Our study suggests that in survivors of cardiac arrest, only direct evidence of cardiac abnormalities is strongly associated with coronary artery disease. ST-segment elevation in the post-return of spontaneous circulation electrocardiogram, the presence of wall motion abnormalities, an left ventricular ejection fraction ≤ 40% in transthoracic echocardiography, and an high sensitivity troponin T level above 170pg/mL were predictors of significant coronary artery disease. These results may help in the selection of patients for coronary angiography, thereby reducing unnecessary procedures, and may support current guidelines, which recommend performing coronary angiography in patients with a high index of suspicion of ongoing infarction.
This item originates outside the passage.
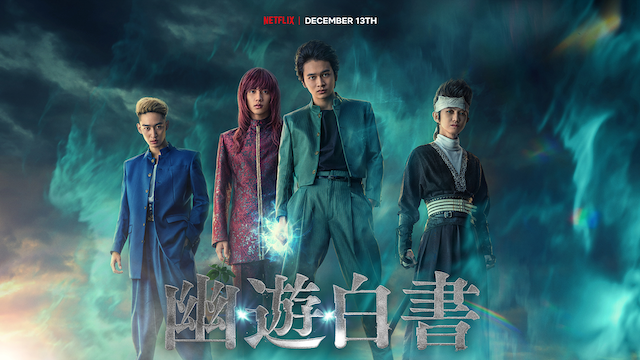 Netflix版「幽☆遊☆白書」のキャスト公開❗️Hip-Hopグループからあの人も...👀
However, in our population, the time until coronary angiography, the presence of significant coronary artery disease and the performance of percutaneous coronary intervention did not influence survival, and it was not possible to establish the best cutoff for coronary angiography timing. This outcome was likely the result of the small sample size and confounding factors, especially noncardiovascular issues affecting prognosis.